What are ISO 28500 and WARC?

ISO 28500 is the standard for Web content collection and preservation. It was developed by the International Internet Preservation Consortium. It specifies a methodology for collection, and it specifies a storage format called “WARC.”

The WARC (Web ARChive) file format is the international industry standard for storing collected Web content and associated data. It will preserve original Web content exactly as it was delivered from the target site, containing all of the metadata and ensuring the integrity of captured Web content. A WARC file is a container that provides structure to the data for processing, indexing, and access.

Data Capture and Preservation

Today you not only have to be concerned with website archiving, but also archiving blogs, social media channels, collaboration tools, internal and external communications, and mobile communications. It is all considered business communications, and you must keep accurate and defensible records of it all. If the need arises, you must be able to produce the data exactly the way they appeared at any given time on any given date, inclusive of any now-defunct data and any interactive elements (drop-down menus, pop-ups, mouse-overs, comments, likes, etc.).

Archiving necessitates modern crawler technology that understands JavaScript elements and the ability to take snapshots of your website and collect all data, including a diverse array of Web content: graphics, video, podcasts, webcasts, etc. It must be in its native format, digitally signed and time-/date-stamped to satisfy regulatory and legal requirements and to establish a defensible chain of custody. And don’t forget archiving of all social media and collaborative environments in their native format so that content can be viewed in its proper context.

You need to choose the technology that captures the content in its native format, where files, forms, links, drop-down menus, pop-ups, and mouse-overs perform as they did at the time in question. Failure to capture and preserve all the metadata puts your company at risk to meet regulatory and legal requirements, as well as eDiscovery demands.

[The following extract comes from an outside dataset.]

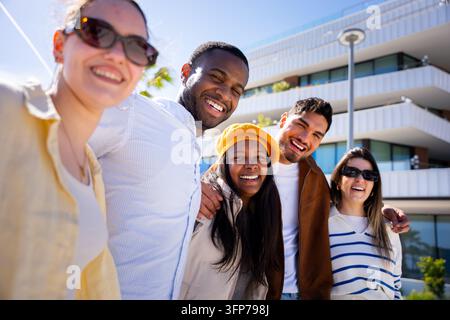 Amici diversi che sorridono, ridono, godono di una giornata vivace all'aperto Foto Stock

In order to avoid spoliation of Web evidence, proper preservation methods are critical. It is vital that preserved Web content be sealed off from any live Web content so that the risk of alterations or changes to the original content is eliminated.  We have seen too many instances of alterations in improperly preserved web content, where preserved web content is replaced by ‘live’ content.   Further, storage in write-once, read-many (WORM) memory is critical to demonstrating the inalterability of your archive.

Does all this seem overwhelming? It doesn’t have to be. Avoid the risks of unauthenticated Web and social media records and missing or incomplete data. The key is finding a solution that accurately captures all of this browser-based Web content—not just bits and pieces.